**Material for this exercise:**
# # # # #

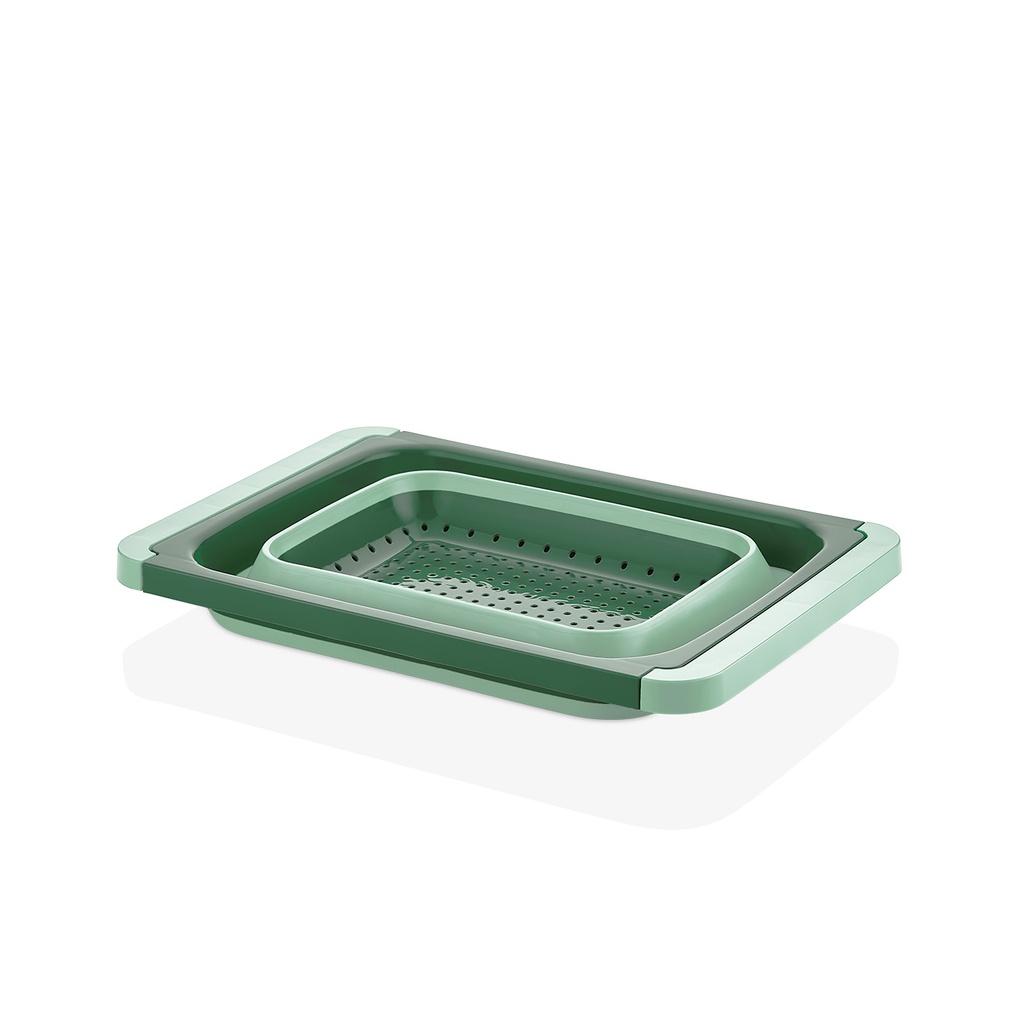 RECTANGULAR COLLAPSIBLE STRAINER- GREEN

# # # # #

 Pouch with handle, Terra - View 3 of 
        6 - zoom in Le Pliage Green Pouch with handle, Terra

# # # # #

**What this task involves:** Could you show every line of the material that includes the string "with"?

**Solution to this exercise:**
 Pouch with handle, Terra - View 3 of 
        6 - zoom in Le Pliage Green Pouch with handle, Terra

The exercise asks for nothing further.